W takim kryzysie nikt z jednak niezorganizowanym zbiorowiskiem jednostek nie będzie rozmawiać. Bo, po pierwsze nie ma jak, a po drugie nie musi. Nie macie organizacji związkowej? Prawo w zasadzie zwalnia pracodawcę z negocjowania, ustalania, konsultowania. Możecie niezrzeszeni koledzy i koleżanki czekać na kwitek od pracodawcy ze zwolnieniem lub obniżeniem wynagrodzenia.

Gdybyście mieli organizację związkową, moglibyście negocjować czy obniżka o 20 proc. jest na stałe, czy np. na najbliższe 4 miesiące. Czy będzie Wam zrekompensowana, choćby po kawałku, przez 2 kolejne lata, czy nigdy.

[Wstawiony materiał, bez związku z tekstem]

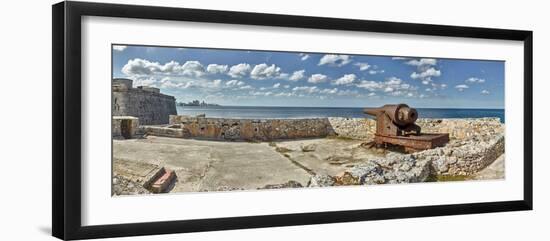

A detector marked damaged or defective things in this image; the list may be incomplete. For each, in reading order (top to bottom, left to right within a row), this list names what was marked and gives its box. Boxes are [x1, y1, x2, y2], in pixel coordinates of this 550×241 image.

rusty cannon [364, 104, 450, 153] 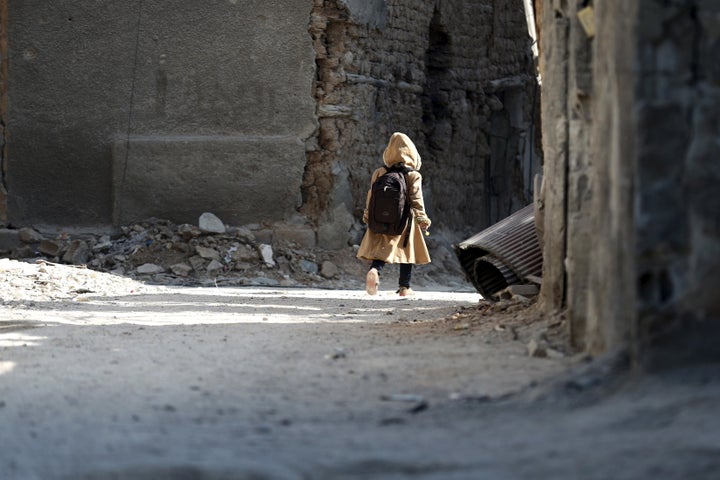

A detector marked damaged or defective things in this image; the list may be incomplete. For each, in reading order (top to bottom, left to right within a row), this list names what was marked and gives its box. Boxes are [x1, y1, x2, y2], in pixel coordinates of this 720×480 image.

rusty metal object [452, 203, 544, 300] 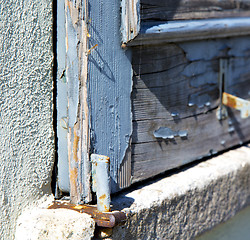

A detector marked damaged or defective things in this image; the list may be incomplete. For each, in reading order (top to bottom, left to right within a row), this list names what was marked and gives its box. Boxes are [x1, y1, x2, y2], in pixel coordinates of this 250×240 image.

peeling gray paint [88, 0, 133, 191]
corroded metal bar [223, 91, 250, 118]
corroded metal bar [91, 154, 111, 212]
rusty metal bracket [47, 200, 126, 228]
corroded metal bar [47, 201, 126, 227]
rusty metal strap [47, 202, 126, 228] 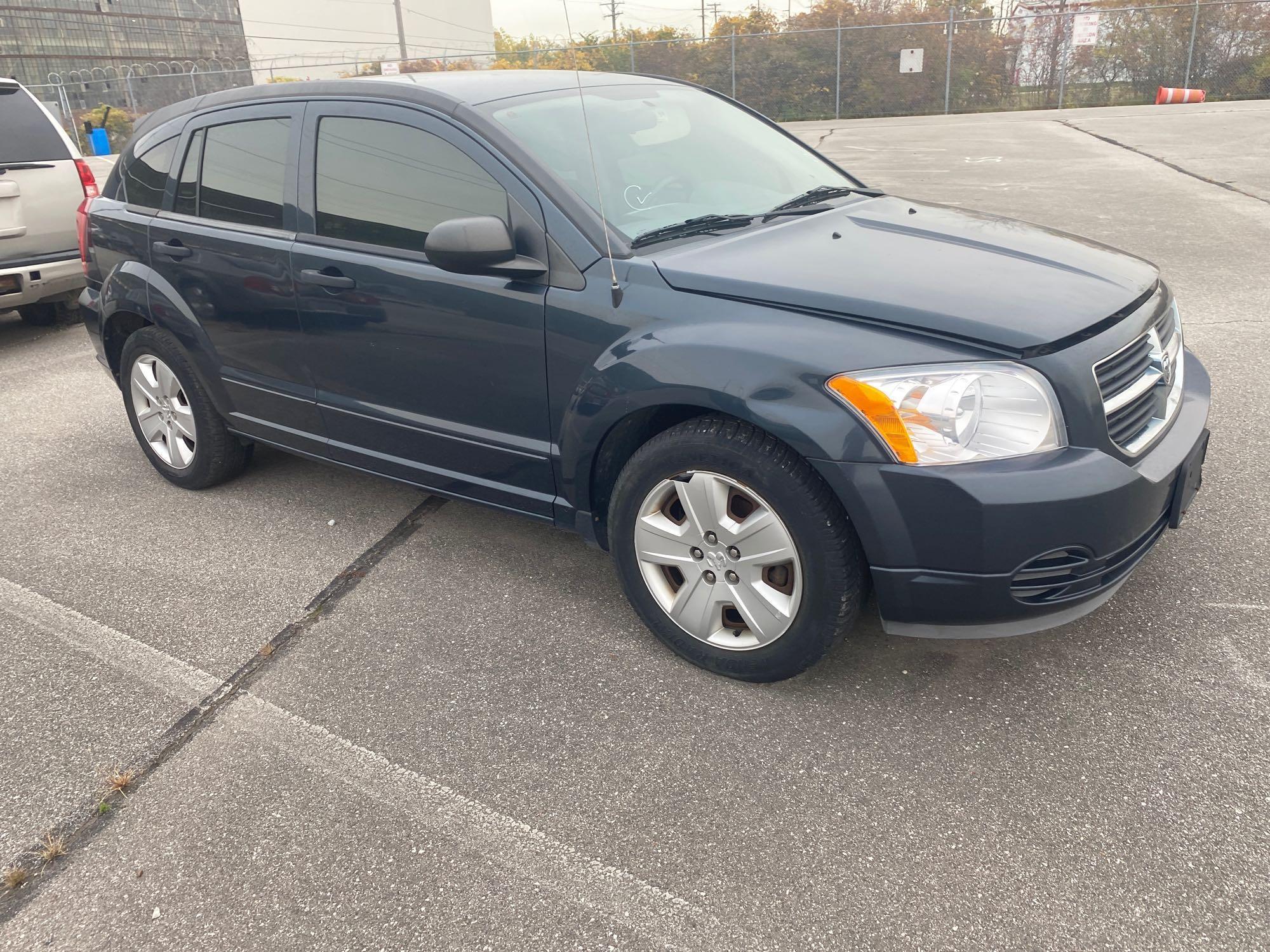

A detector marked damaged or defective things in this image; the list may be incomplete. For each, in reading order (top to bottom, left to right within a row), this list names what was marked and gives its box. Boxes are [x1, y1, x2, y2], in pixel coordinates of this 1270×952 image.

crack in pavement [1057, 119, 1270, 207]
crack in pavement [0, 495, 447, 929]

Jeśli firma będzie zwalniać, często po wielu latach pracy, to bez związku zawodowego nie będziecie mieć szansy negocjować odpraw jakkolwiek lepszych niż ustawowe minimum. Nie będzie wspólnego ustalania kryteriów i terminów ograniczenia zatrudnienia. Nic nie będzie mogli zrobić, nie wcielicie się w rolę partnera dla Waszego pracodawcy, bo nie idzie przecież o prymitywny spór, ale o położenie na stole interesów obydwu stron i choćby podjęcie próby ich ułożenia tak, aby ugrać w tych trudnych czasach, co jest możliwe do ugrania.

Jeśli jesteś zatrudniony lub zatrudniona w firmie, w której pracuje kilkadziesiąt, kilkaset lub kilka tysięcy osób, to bez organizacji związkowej będziesz niemym odbiorcą decyzji kierownictwa firmy. Może to jednak dobry moment, żeby pomyśleć o roli upodmiotowionego partnera?